To be sure, the recession of 2007-2008 was a significant economic downturn, but it should not have taken six years to recover the jobs that were lost. This was the longest recovery in US history. Unfortunately, the demand for employment also increased during those years, leaving the state trying to play catch up.
Those who have jobs are fortunate, but their lot is no bed of roses. Many find that they can’t change jobs. Moving up the ladder is often out of the question, and despite productivity gains, wages have remained stagnant. This is hardly a situation, that policy makers on Beacon Hill should take pride in.
And what of our state legislature during these past few years? While the state labor force was suffering, rather than relieve their financial pain, they added to it. They hiked the state sales tax from 5.0% to 6.25%. They hiked the gas tax from 21 to 24 cents and tied it to inflation, so now the tax increases without a vote. They attempted an innovation tax aimed directly at the one sector of the state, whose work could hold the promise of economic revitalization. They backed off, when this sector threatened to move out of the state.

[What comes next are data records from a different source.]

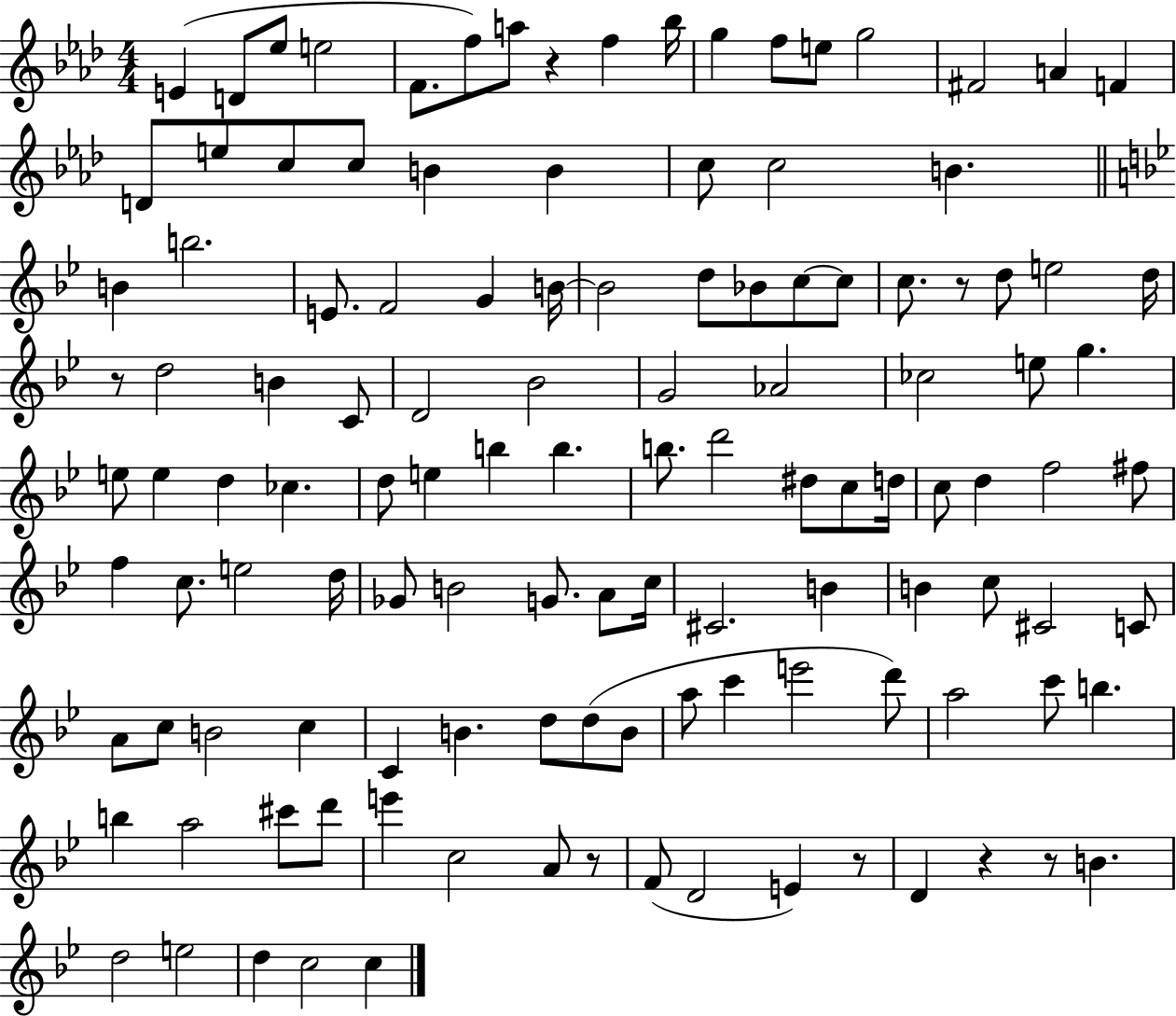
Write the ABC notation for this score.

X:1
T:Untitled
M:4/4
L:1/4
K:Ab
E D/2 _e/2 e2 F/2 f/2 a/2 z f _b/4 g f/2 e/2 g2 ^F2 A F D/2 e/2 c/2 c/2 B B c/2 c2 B B b2 E/2 F2 G B/4 B2 d/2 _B/2 c/2 c/2 c/2 z/2 d/2 e2 d/4 z/2 d2 B C/2 D2 _B2 G2 _A2 _c2 e/2 g e/2 e d _c d/2 e b b b/2 d'2 ^d/2 c/2 d/4 c/2 d f2 ^f/2 f c/2 e2 d/4 _G/2 B2 G/2 A/2 c/4 ^C2 B B c/2 ^C2 C/2 A/2 c/2 B2 c C B d/2 d/2 B/2 a/2 c' e'2 d'/2 a2 c'/2 b b a2 ^c'/2 d'/2 e' c2 A/2 z/2 F/2 D2 E z/2 D z z/2 B d2 e2 d c2 c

Perhaps the one single issue that has revealed either the legislature’s ignorance or indifference to the plight of Massachusetts worker is the Casino bill. For three years, they and our Governor consumed time and treasure working out their panacea for our economic stagnation, large scale, super commercialized gaming. They should have been working on a comprehensive, long term plan to encourage business development from within the state and to attract it from without. Those critical years were lost.

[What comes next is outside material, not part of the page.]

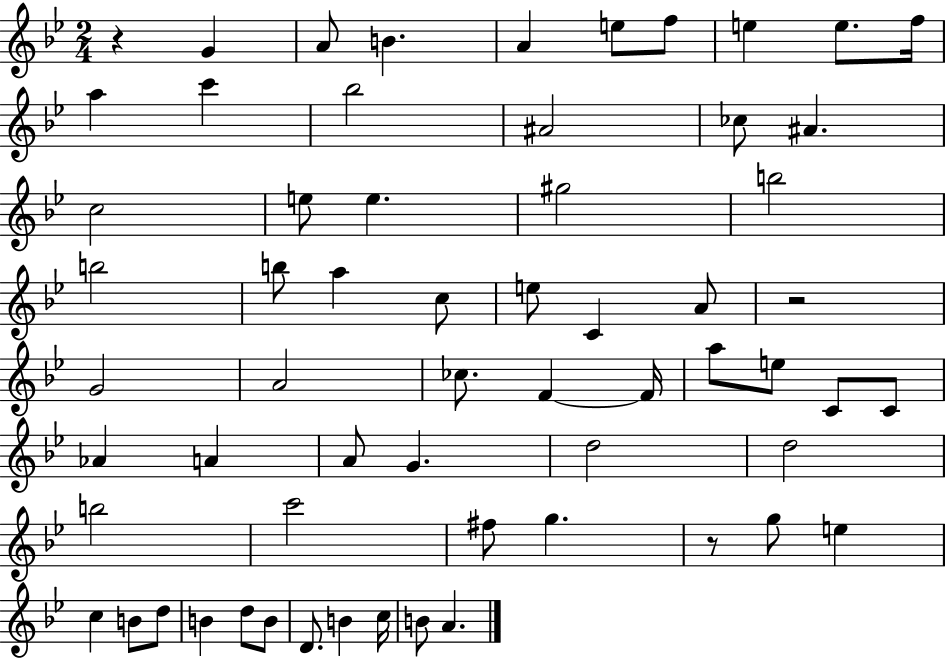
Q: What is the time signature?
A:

It is rather obvious, that the leadership of both the Massachusetts House and Senate are clueless about the economy. Their pre-occupation is, has been, and will continue to be, taking care of the narrow constituencies that support this state’s one-party system. Consequently, their solution to every problem is one dimensional. It is generally to raise taxes.

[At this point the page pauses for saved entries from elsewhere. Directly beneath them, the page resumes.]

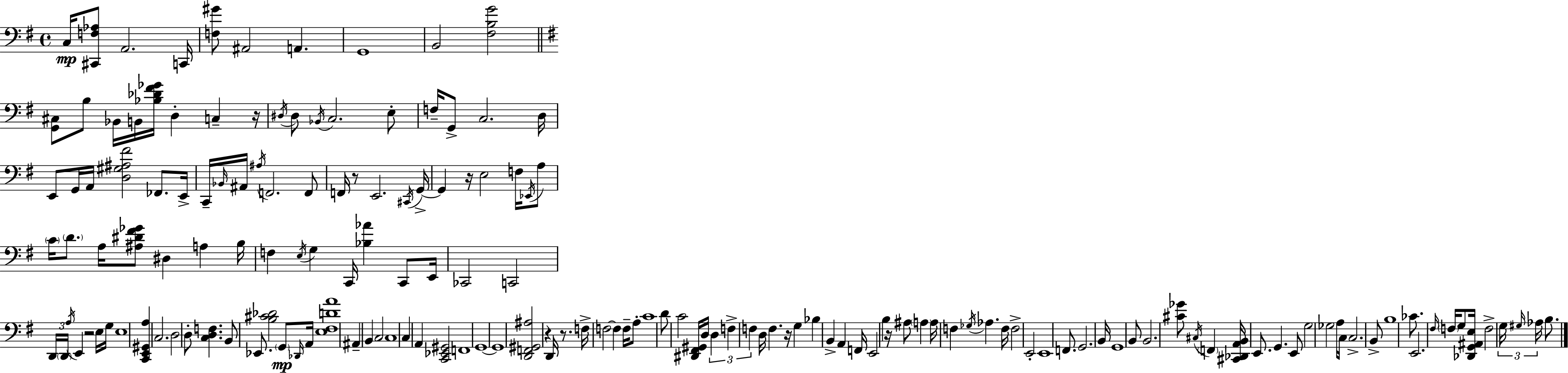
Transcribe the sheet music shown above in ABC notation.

X:1
T:Untitled
M:4/4
L:1/4
K:Em
C,/4 [^C,,F,_A,]/2 A,,2 C,,/4 [F,^G]/2 ^A,,2 A,, G,,4 B,,2 [^F,B,G]2 [G,,^C,]/2 B,/2 _B,,/4 B,,/4 [_B,_D^F_G]/4 D, C, z/4 ^D,/4 ^D,/2 _B,,/4 C,2 E,/2 F,/4 G,,/2 C,2 D,/4 E,,/2 G,,/4 A,,/4 [D,^G,^A,^F]2 _F,,/2 E,,/4 C,,/4 _B,,/4 ^A,,/4 ^A,/4 F,,2 F,,/2 F,,/4 z/2 E,,2 ^C,,/4 G,,/4 G,, z/4 E,2 F,/4 _E,,/4 A,/2 C/4 D/2 A,/4 [^A,^D^F_G]/2 ^D, A, B,/4 F, E,/4 G, C,,/4 [_B,_A] C,,/2 E,,/4 _C,,2 C,,2 D,,/4 D,,/4 A,/4 E,, z2 E,/4 G,/4 E,4 [C,,E,,^G,,A,] C,2 D,2 D,/2 [C,D,F,] B,,/2 _E,,/2 [B,^C_D]2 G,,/2 _D,,/4 A,,/4 [E,^F,DA]4 ^A,, B,, C,2 C,4 C, A,, [C,,_E,,^G,,]2 F,,4 G,,4 G,,4 [D,,F,,^G,,^A,]2 z D,,/4 z/2 F,/4 F,2 F, F,/4 A,/2 C4 D/2 C2 [^D,,^F,,^G,,]/4 D,/4 D, F, F, D,/4 F, z/4 G, _B, B,, A,, F,,/4 E,,2 B, z/4 ^A,/2 A, A,/4 F, _G,/4 _A, F,/4 F,2 E,,2 E,,4 F,,/2 G,,2 B,,/4 G,,4 B,,/2 B,,2 [^C_G]/2 ^C,/4 F,, [^C,,_D,,A,,B,,]/4 E,,/2 G,, E,,/2 G,2 _G,2 A,/4 C,/4 C,2 B,,/2 B,4 _C/2 E,,2 ^F,/4 F,/4 G,/2 [_D,,G,,^A,,E,]/4 F,2 G,/4 ^G,/4 _A,/4 B,/2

Unless voters are willing to change the game on Beacon Hill this November, by changing the players, nothing will get better and the state’s economic future will continue to look bleak. Voters must elect representatives, who are committed to shrinking the size of our state government. The tax burden, fees and regulations must all come down and an aggressive effort to stimulate economic growth must be made, or the pain will continue.